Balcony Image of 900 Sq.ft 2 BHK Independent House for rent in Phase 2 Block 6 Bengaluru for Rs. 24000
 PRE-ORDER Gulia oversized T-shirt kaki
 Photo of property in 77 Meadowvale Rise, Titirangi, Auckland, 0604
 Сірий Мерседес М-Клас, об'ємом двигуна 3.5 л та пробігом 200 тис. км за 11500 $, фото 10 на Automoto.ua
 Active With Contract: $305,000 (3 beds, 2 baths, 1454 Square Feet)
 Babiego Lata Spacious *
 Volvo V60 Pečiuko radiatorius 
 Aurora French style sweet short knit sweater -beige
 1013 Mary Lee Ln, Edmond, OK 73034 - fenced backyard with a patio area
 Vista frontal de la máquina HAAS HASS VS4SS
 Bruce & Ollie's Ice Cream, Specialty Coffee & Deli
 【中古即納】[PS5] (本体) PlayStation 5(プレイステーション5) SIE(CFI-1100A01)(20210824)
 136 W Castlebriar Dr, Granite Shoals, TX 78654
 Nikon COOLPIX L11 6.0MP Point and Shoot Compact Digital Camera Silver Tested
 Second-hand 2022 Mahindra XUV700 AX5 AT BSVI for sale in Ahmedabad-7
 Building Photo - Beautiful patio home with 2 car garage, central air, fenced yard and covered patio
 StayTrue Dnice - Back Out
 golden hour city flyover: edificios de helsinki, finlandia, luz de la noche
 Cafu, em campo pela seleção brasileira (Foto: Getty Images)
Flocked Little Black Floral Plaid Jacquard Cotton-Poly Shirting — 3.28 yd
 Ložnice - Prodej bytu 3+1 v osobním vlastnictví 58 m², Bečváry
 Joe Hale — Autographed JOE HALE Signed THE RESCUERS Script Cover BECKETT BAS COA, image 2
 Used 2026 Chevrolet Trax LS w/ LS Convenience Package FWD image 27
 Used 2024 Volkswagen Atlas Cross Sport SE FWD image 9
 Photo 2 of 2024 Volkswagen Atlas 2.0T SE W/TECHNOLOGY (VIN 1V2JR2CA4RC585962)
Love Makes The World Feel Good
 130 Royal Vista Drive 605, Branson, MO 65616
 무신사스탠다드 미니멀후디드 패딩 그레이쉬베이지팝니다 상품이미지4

■ **Exercise brief**
Please find every line in the records above that holds the word "Volkswagen" and copy it.

■ **Task response**
 Used 2024 Volkswagen Atlas Cross Sport SE FWD image 9
 Photo 2 of 2024 Volkswagen Atlas 2.0T SE W/TECHNOLOGY (VIN 1V2JR2CA4RC585962)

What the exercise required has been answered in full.